** DATASET SECTION **
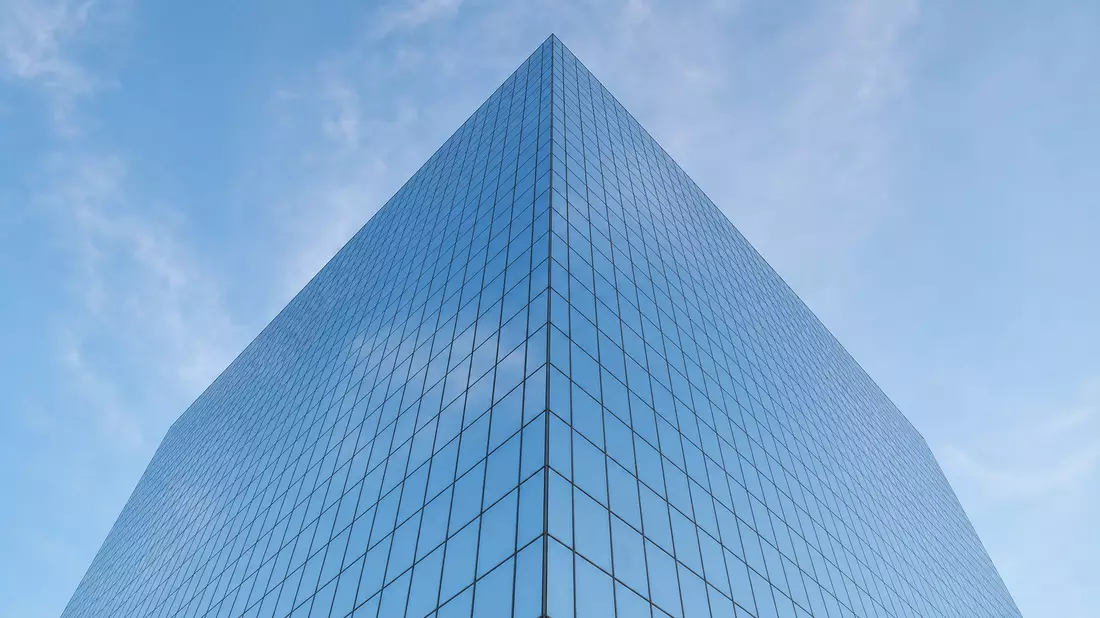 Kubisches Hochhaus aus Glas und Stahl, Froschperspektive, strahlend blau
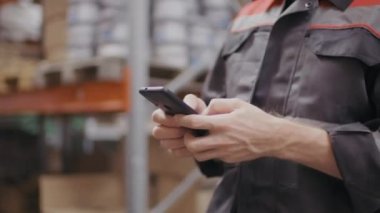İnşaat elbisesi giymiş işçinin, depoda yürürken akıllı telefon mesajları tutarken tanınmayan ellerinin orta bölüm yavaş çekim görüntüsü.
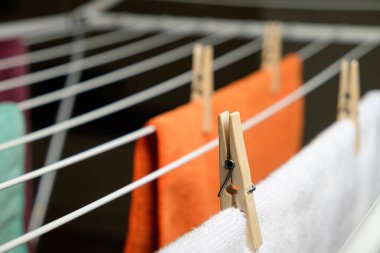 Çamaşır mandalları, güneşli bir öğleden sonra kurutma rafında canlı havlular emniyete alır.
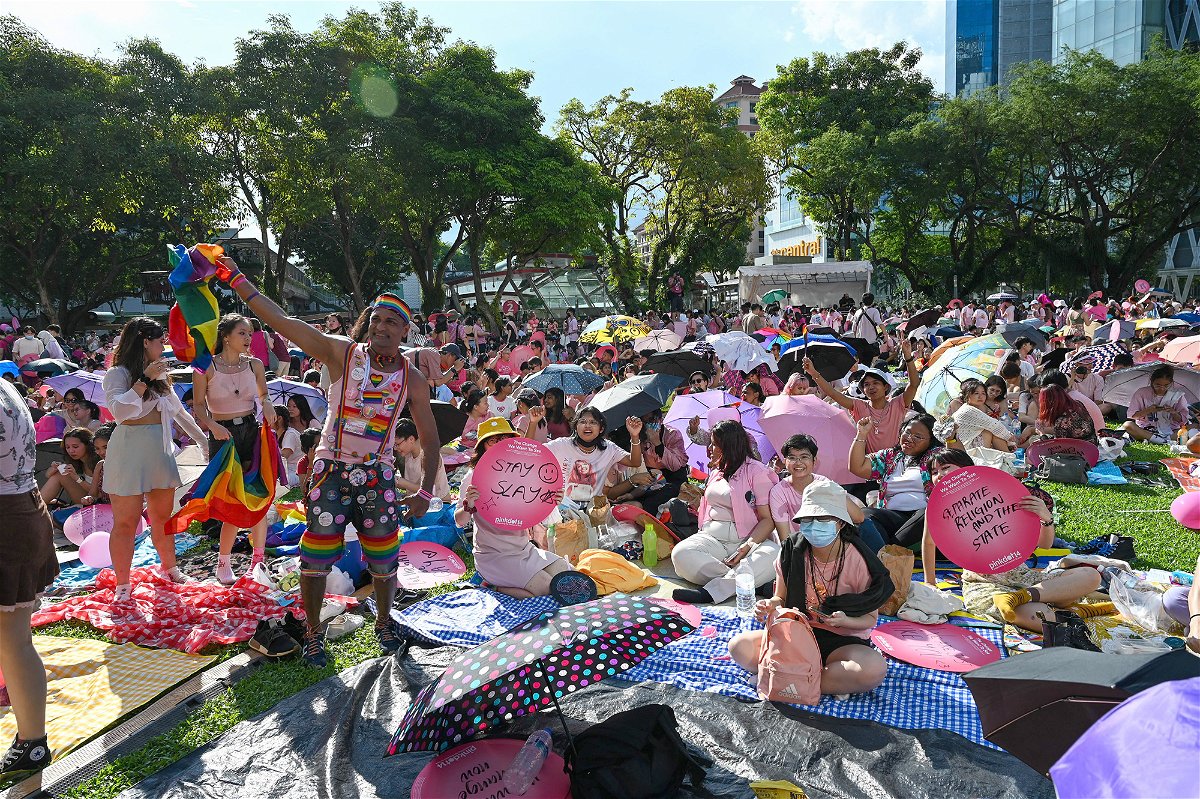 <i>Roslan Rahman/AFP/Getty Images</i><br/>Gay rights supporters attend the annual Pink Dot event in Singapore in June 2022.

** GOAL OF THE EXERCISE **
Copy the listing above verbatim, leaving out pictures.

** TASK SOLUTION **
 Kubisches Hochhaus aus Glas und Stahl, Froschperspektive, strahlend blau
İnşaat elbisesi giymiş işçinin, depoda yürürken akıllı telefon mesajları tutarken tanınmayan ellerinin orta bölüm yavaş çekim görüntüsü.
 Çamaşır mandalları, güneşli bir öğleden sonra kurutma rafında canlı havlular emniyete alır.
 <i>Roslan Rahman/AFP/Getty Images</i><br/>Gay rights supporters attend the annual Pink Dot event in Singapore in June 2022.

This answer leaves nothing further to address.